Print, word for word, only the lines from the one with "White tulips flowers" down to the last line of the listing below; no pictures.

==============================

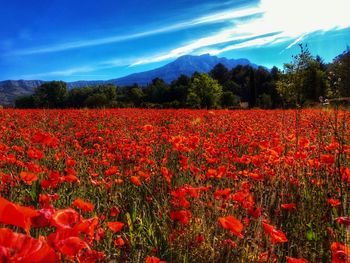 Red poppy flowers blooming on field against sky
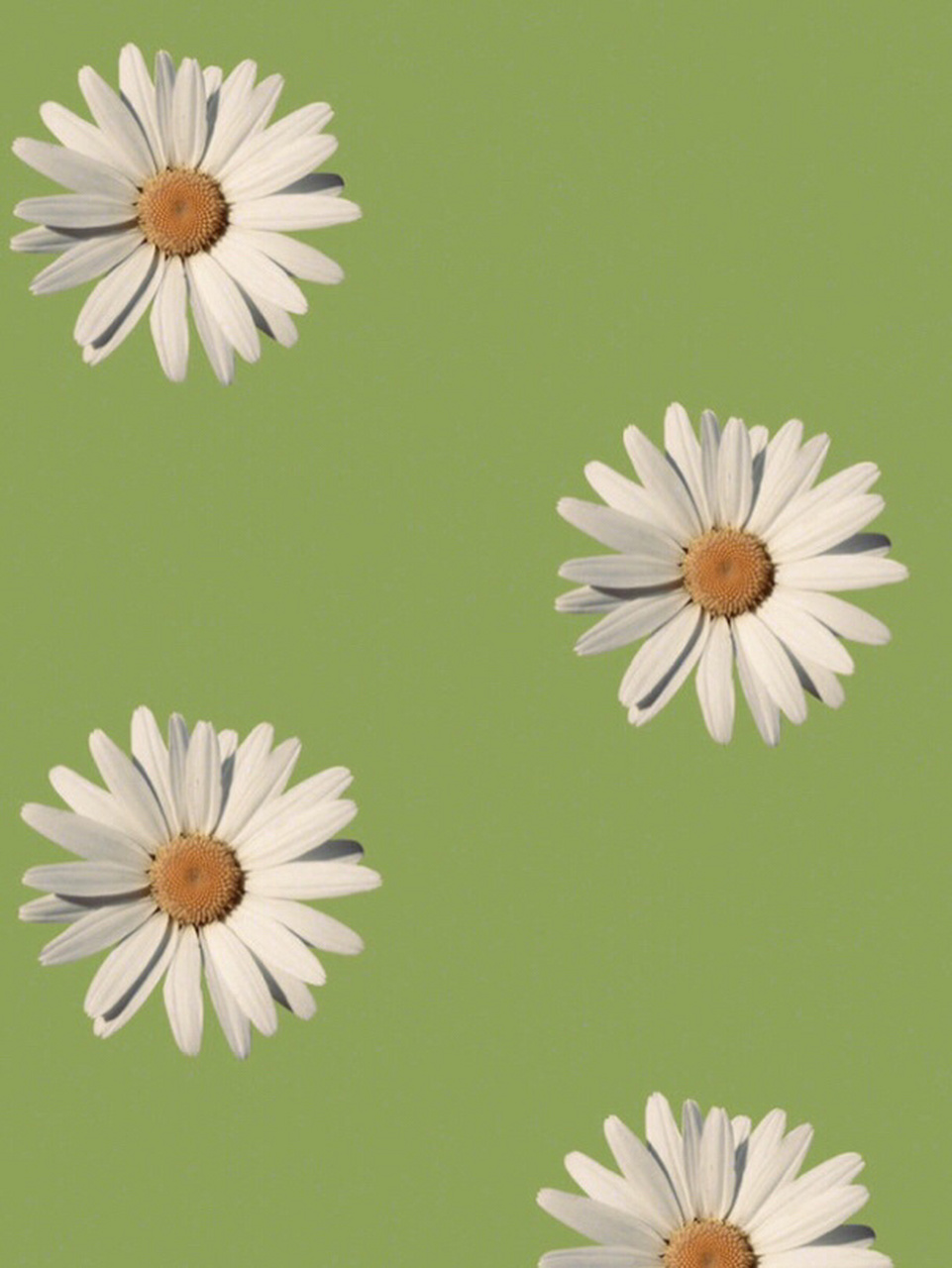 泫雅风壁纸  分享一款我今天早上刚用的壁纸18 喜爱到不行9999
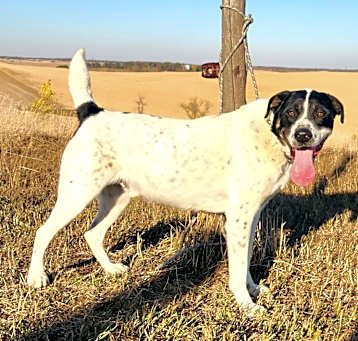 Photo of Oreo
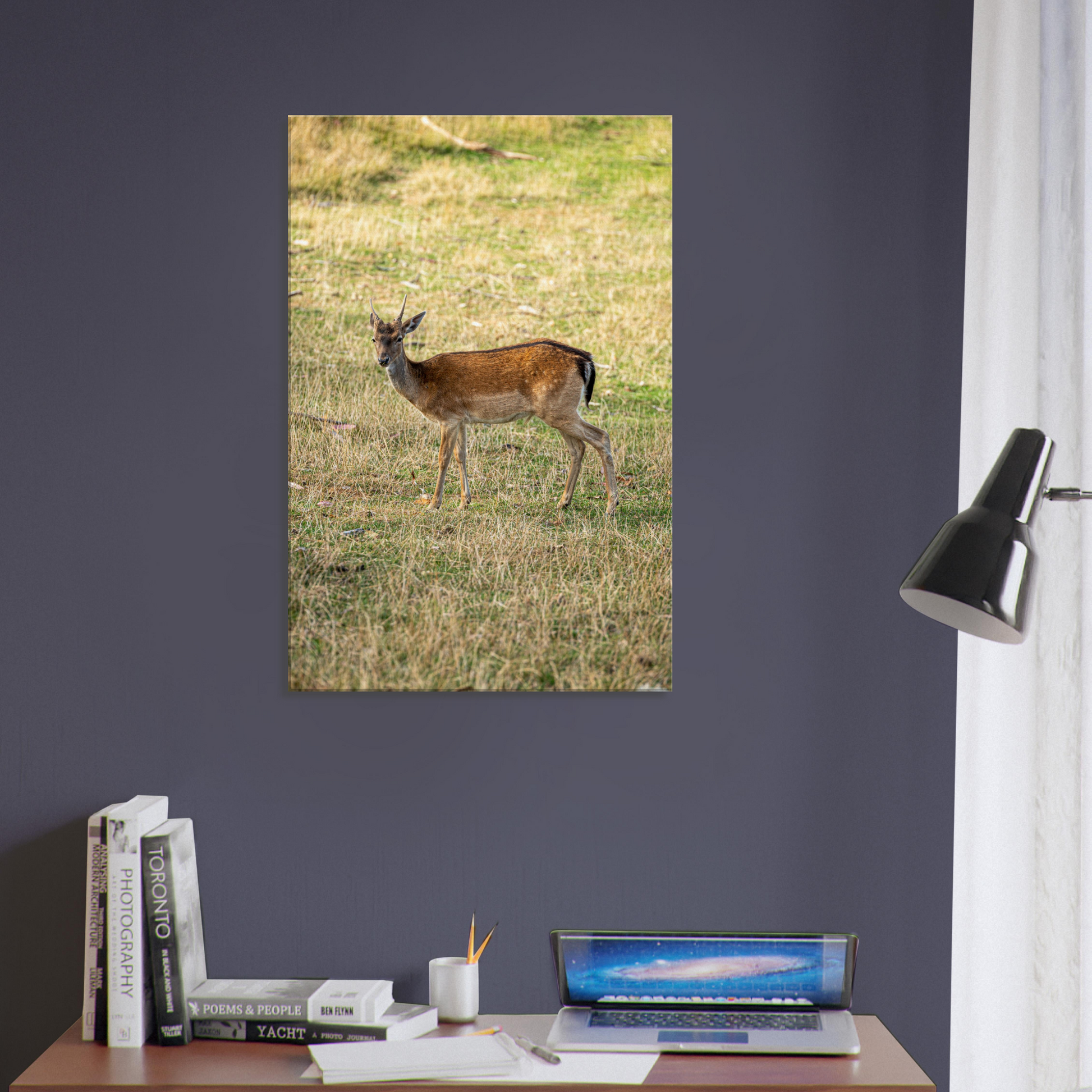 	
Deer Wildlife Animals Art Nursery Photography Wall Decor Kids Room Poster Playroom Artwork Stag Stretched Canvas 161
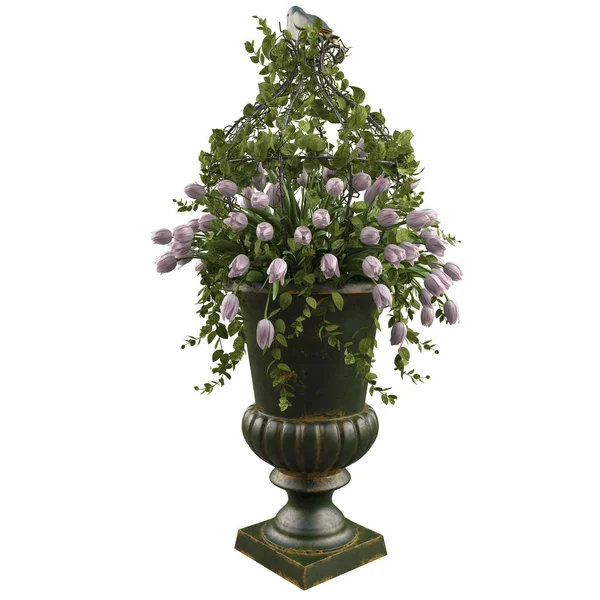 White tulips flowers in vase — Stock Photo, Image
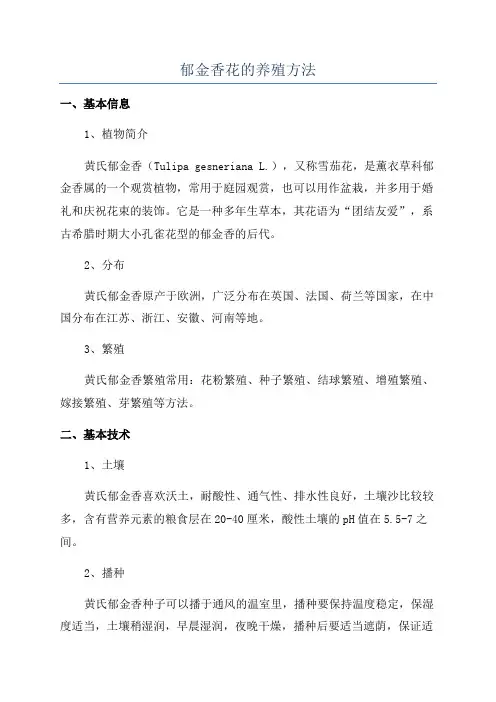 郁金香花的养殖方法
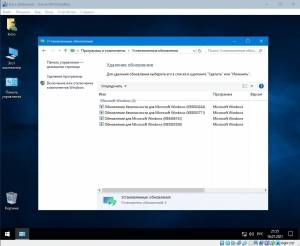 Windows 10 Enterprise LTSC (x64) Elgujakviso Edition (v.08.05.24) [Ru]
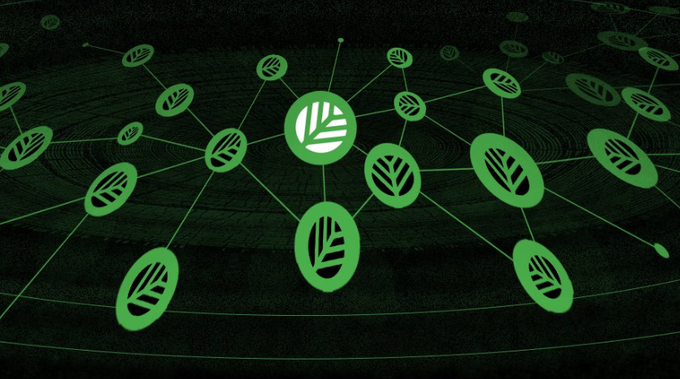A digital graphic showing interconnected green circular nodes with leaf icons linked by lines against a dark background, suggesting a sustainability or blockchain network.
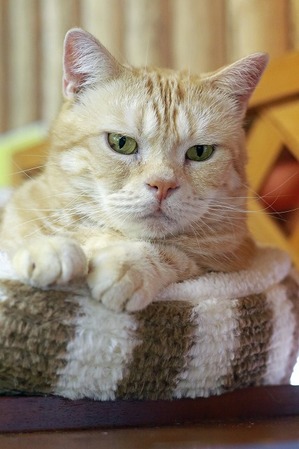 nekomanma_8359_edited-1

==============================

- THE ANSWER
 White tulips flowers in vase — Stock Photo, Image
 郁金香花的养殖方法
 Windows 10 Enterprise LTSC (x64) Elgujakviso Edition (v.08.05.24) [Ru]
A digital graphic showing interconnected green circular nodes with leaf icons linked by lines against a dark background, suggesting a sustainability or blockchain network.
 nekomanma_8359_edited-1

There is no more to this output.